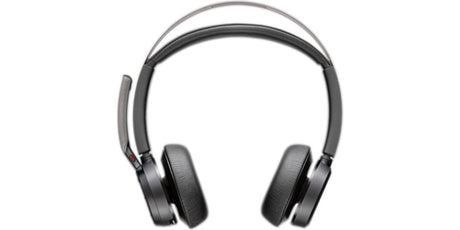 HP POLY VOYAGER FOCUS 2 – Wired USB-C / Office / Over-Ear Headset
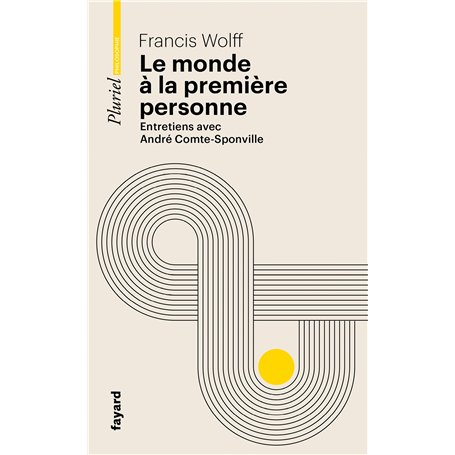 Le monde à la première personne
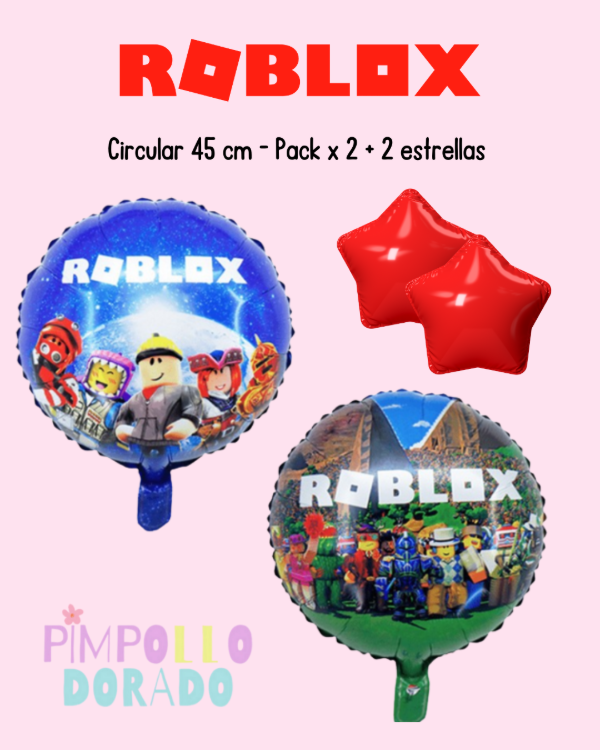 Producto - Combo Roblox
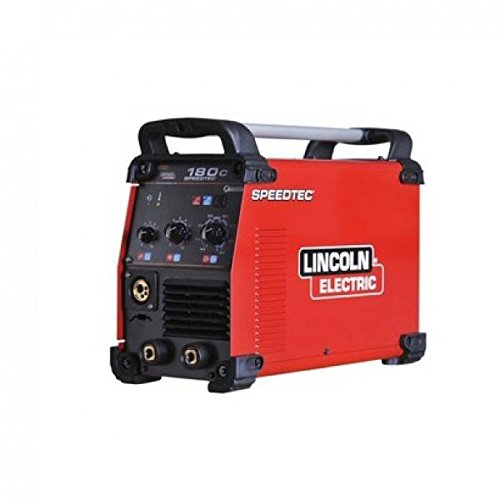 Lincoln Electric 0004903 Soldadora Inverter MIG, 396 mm x 246 mm x 527 mm, 20-180 A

====

_WHAT IS REQUIRED_
Repeat the data exactly, dropping every picture it holds.

_RESULT OF THE TASK_
 HP POLY VOYAGER FOCUS 2 – Wired USB-C / Office / Over-Ear Headset
 Le monde à la première personne
 Producto - Combo Roblox
 Lincoln Electric 0004903 Soldadora Inverter MIG, 396 mm x 246 mm x 527 mm, 20-180 A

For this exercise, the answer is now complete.